→ What to produce:
Starting at the line below that contains "Suspension en verre" and ending at the line that contains "Domestic Female Occupation", retype each line exactly as it stands, but omit the pictures.

→ Records for this task:
****************
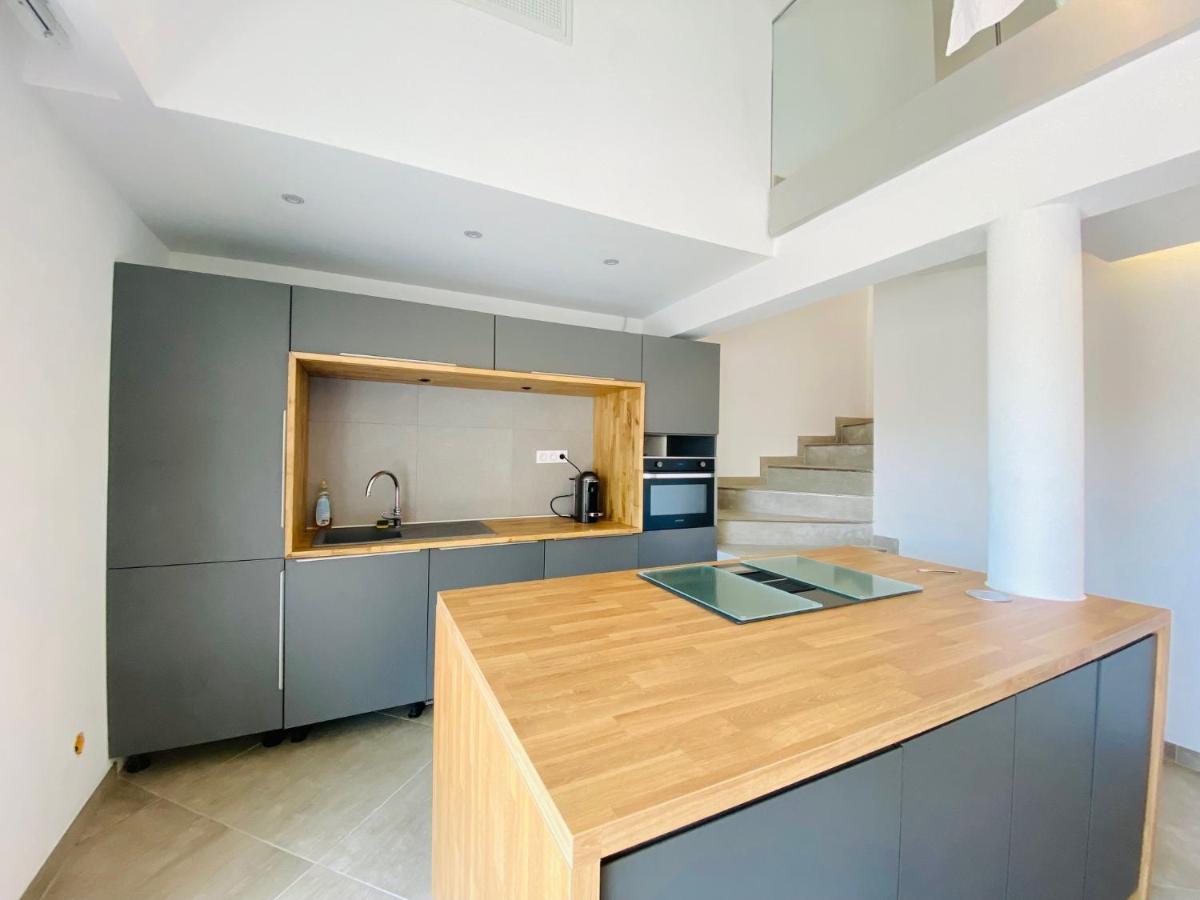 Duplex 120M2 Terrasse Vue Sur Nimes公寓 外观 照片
****************
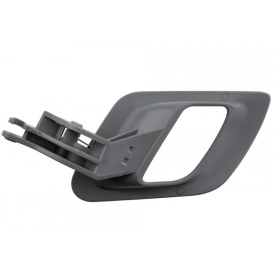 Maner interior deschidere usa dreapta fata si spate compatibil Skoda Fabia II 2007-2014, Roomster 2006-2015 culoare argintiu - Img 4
****************
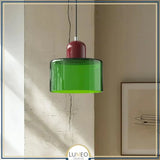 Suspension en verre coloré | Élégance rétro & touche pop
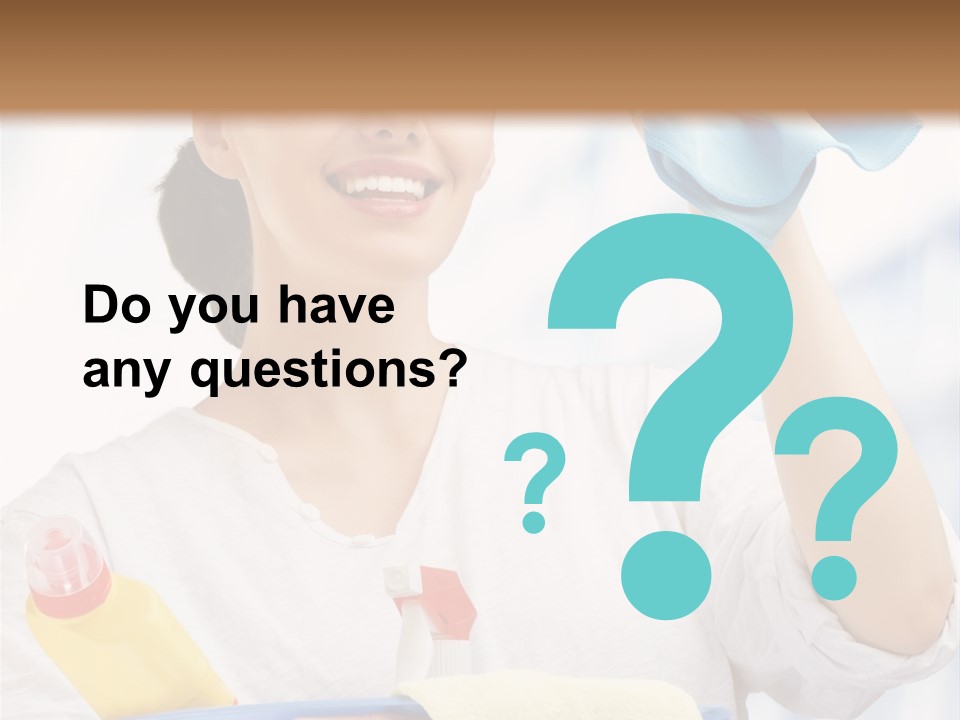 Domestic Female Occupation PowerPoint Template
****************
→ Exercise result:
 Suspension en verre coloré | Élégance rétro & touche pop
 Domestic Female Occupation PowerPoint Template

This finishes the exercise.